Sixth, there was the most immediate challenge of confiscating the weapons held by paramilitaries in the province and establishing KFOR's unchallenged ability to assure a secure environment. Although paramilitaries were not permitted under the military technical agreement signed by Belgrade and the NATO alliance, the Albanians were quick to point out that they had not been signatories to the agreement and for a few days there was some uncertainty as to the willingness of the leadership of the Kosova Liberation Army (KLA) to comply with this requirement. By June 19, however, NATO commanders had reached a tentative agreement with KLA leaders that the rebel force would be disbanded and that it would surrender its arms.

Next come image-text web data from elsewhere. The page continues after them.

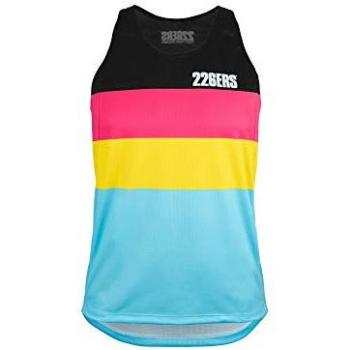 226ERS Hydrazero Body Schwarz/Bunt – S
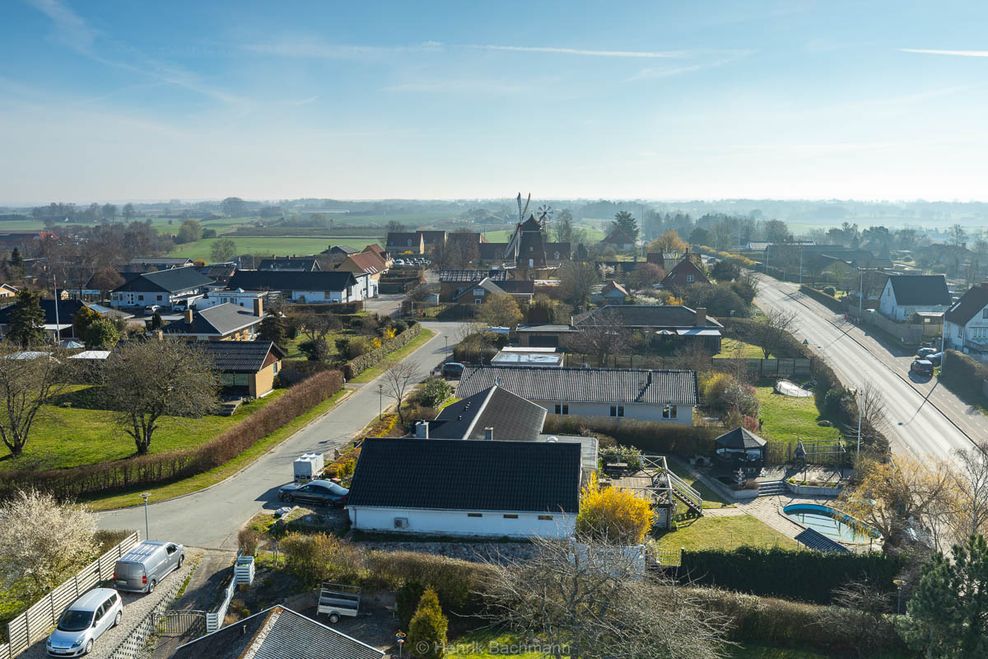 S044-019 Møllevangen, Ramløse - Oversigt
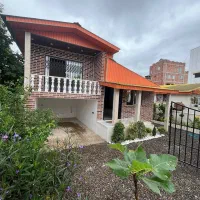 ویلانیم پیلوت ۲۰۰متری دوخواب سندار جنگلی ودنج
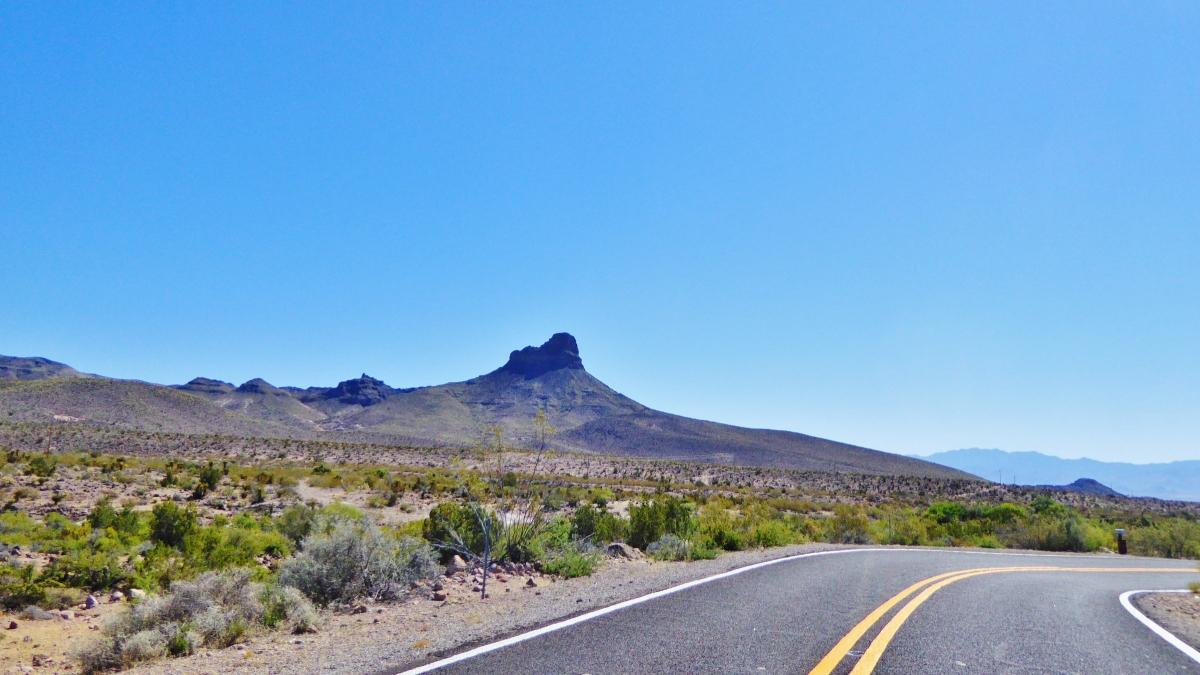 1.05 Acres for Sale in Kingman, Arizona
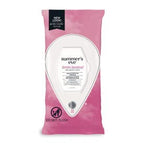 Summer's Eve Cleansing Cloths for Sensitive Skin, Simply Sensitive 32 ea (Pack of 5)
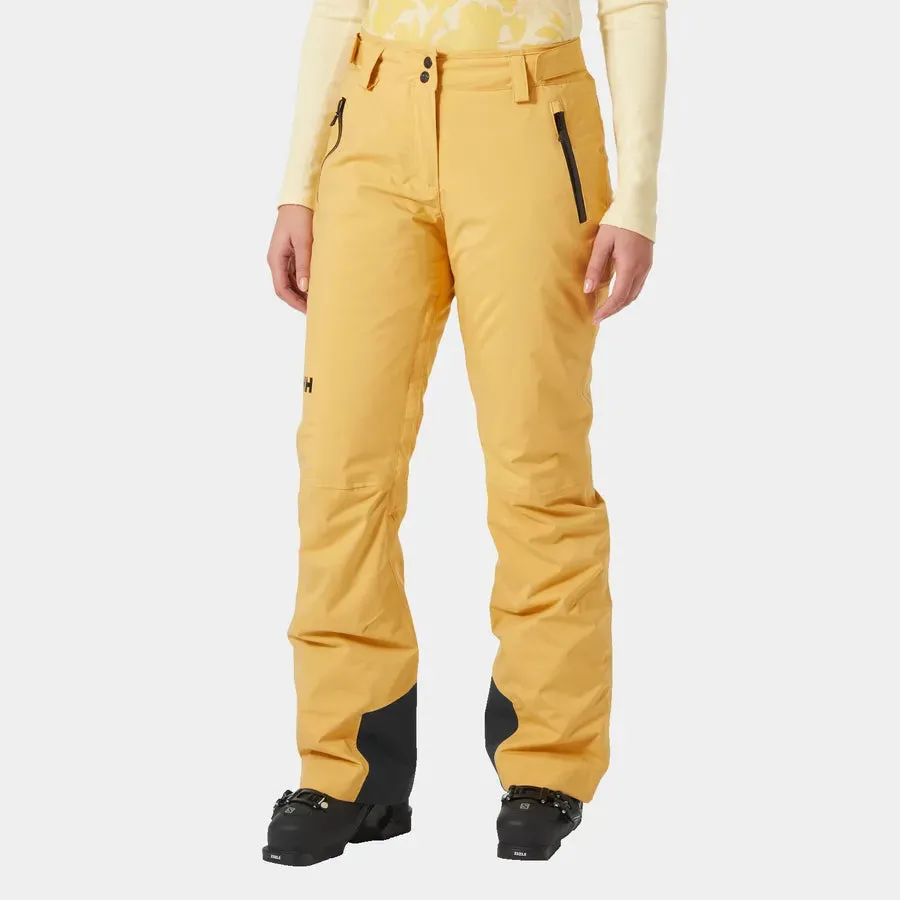 Helly Hansen Women's Legendary Insulated Pant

But compliance has been incomplete and confiscations of small firearms, grenades, and other weapons remain a deadly occurrence. Although most of these confiscations have involved Albanian-held weaponry, KFOR peacekeeping troops reported that they had found 13 AK-47 assault rifles, one light anti-tank weapon, and various other armaments in a search of two Serbian villages in Kosovo on November 1.

THE IMPACT OF MILOSEVIC'S FALL

As late as April 2000, Ibrahim Rugova warned the international community that war would break out once again in the event that the international community should attempt to place Kosovo once more under Yugoslav authority. Indeed, there was a clear consensus among all of Kosovo's Albanian politicians that independence for Kosovo, within its established borders, was the only acceptable option.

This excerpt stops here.